> _WHAT TO DO_
Give the records again exactly. Pictures do not belong in the copy.

> _STORED DATA_
- Opening Delimiter -

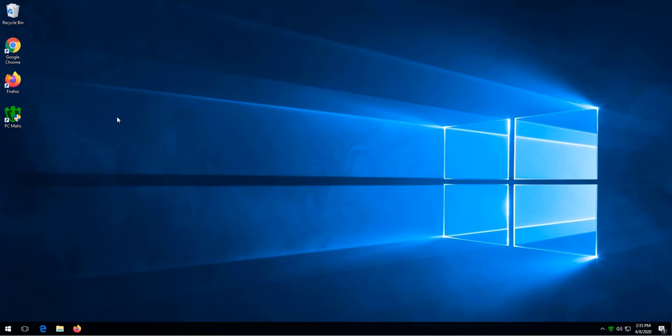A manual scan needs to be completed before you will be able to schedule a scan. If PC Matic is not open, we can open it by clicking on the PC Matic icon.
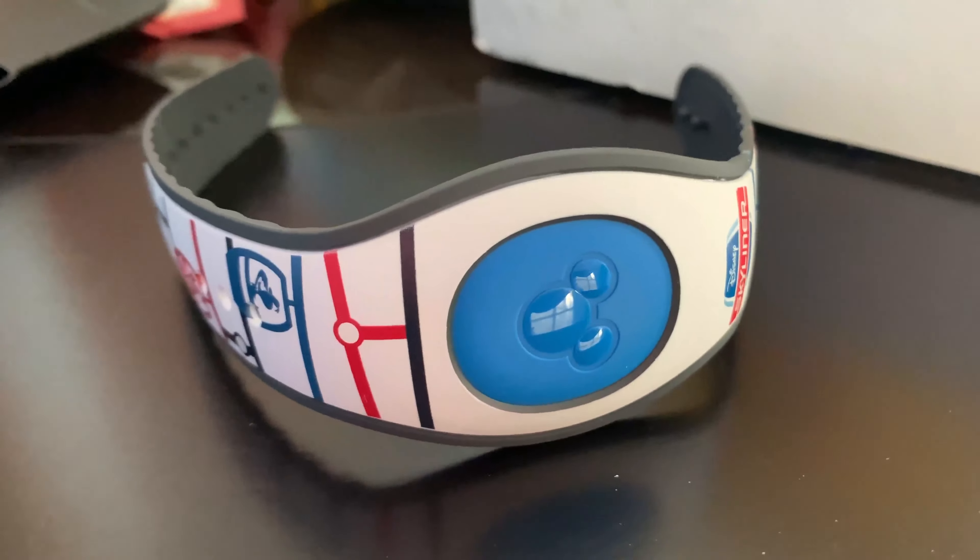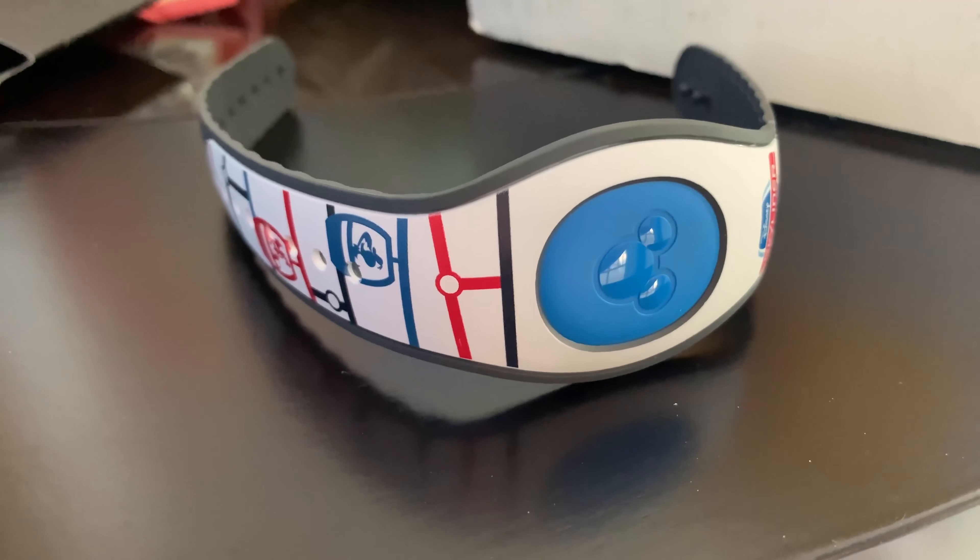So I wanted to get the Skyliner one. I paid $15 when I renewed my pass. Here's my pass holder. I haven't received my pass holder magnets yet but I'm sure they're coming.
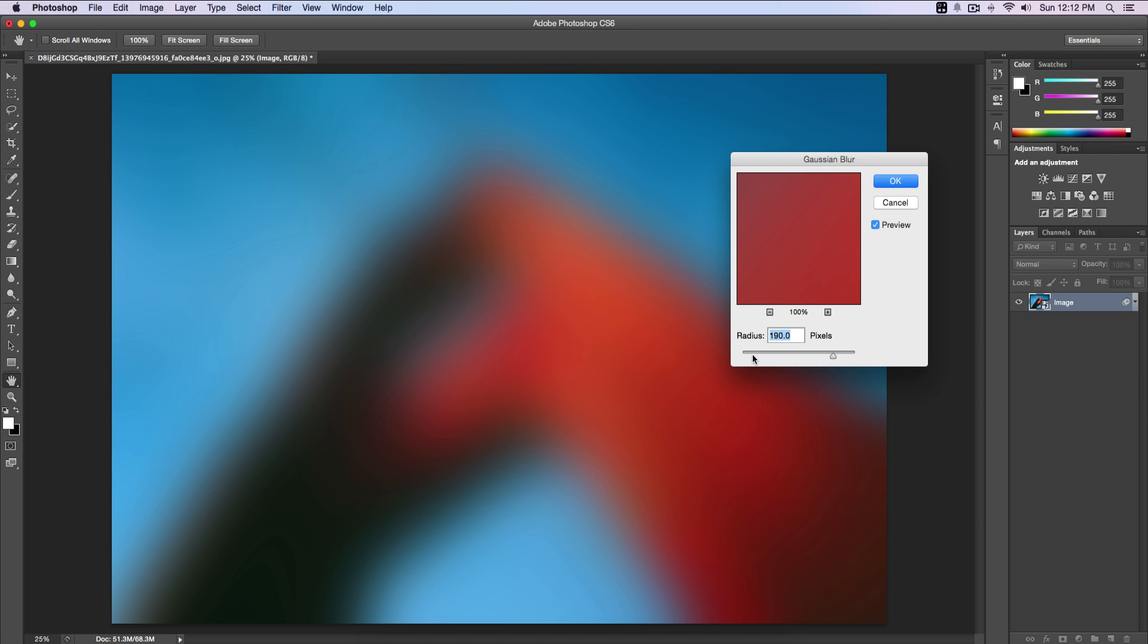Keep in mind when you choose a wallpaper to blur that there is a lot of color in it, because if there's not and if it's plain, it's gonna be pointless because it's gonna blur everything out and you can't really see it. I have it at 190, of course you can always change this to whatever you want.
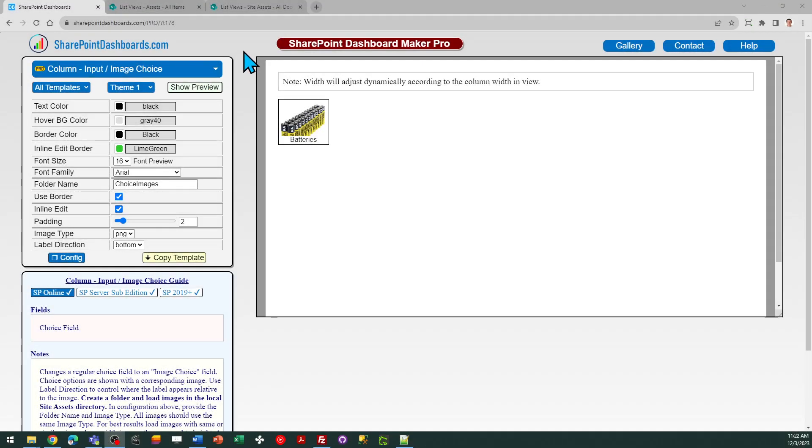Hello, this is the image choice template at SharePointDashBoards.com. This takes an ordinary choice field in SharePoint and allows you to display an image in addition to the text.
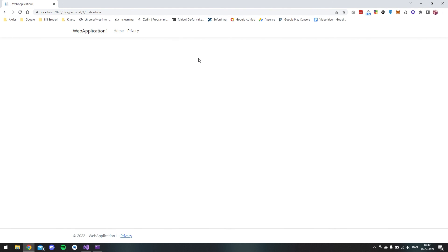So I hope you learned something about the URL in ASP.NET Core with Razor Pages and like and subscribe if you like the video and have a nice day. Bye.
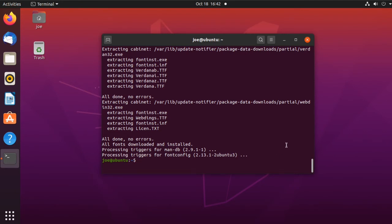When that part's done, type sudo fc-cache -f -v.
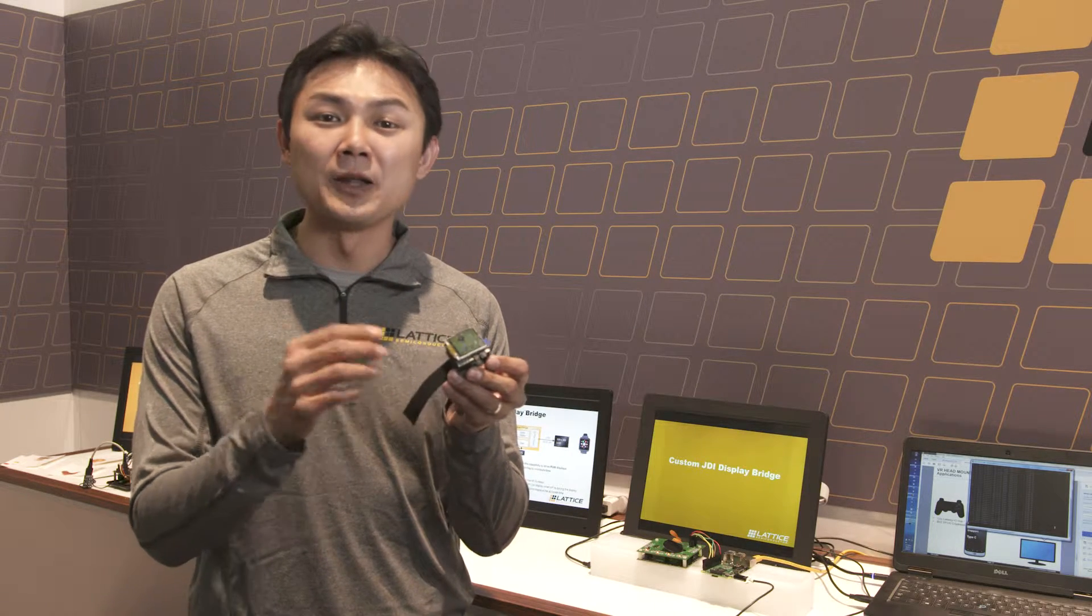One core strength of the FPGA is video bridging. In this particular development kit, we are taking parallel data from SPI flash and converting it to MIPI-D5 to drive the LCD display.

- Closing Delimiter -

> _WRITTEN SOLUTION_
A manual scan needs to be completed before you will be able to schedule a scan. If PC Matic is not open, we can open it by clicking on the PC Matic icon.
So I wanted to get the Skyliner one. I paid $15 when I renewed my pass. Here's my pass holder. I haven't received my pass holder magnets yet but I'm sure they're coming.
Keep in mind when you choose a wallpaper to blur that there is a lot of color in it, because if there's not and if it's plain, it's gonna be pointless because it's gonna blur everything out and you can't really see it. I have it at 190, of course you can always change this to whatever you want.
Hello, this is the image choice template at SharePointDashBoards.com. This takes an ordinary choice field in SharePoint and allows you to display an image in addition to the text.
So I hope you learned something about the URL in ASP.NET Core with Razor Pages and like and subscribe if you like the video and have a nice day. Bye.
When that part's done, type sudo fc-cache -f -v.
One core strength of the FPGA is video bridging. In this particular development kit, we are taking parallel data from SPI flash and converting it to MIPI-D5 to drive the LCD display.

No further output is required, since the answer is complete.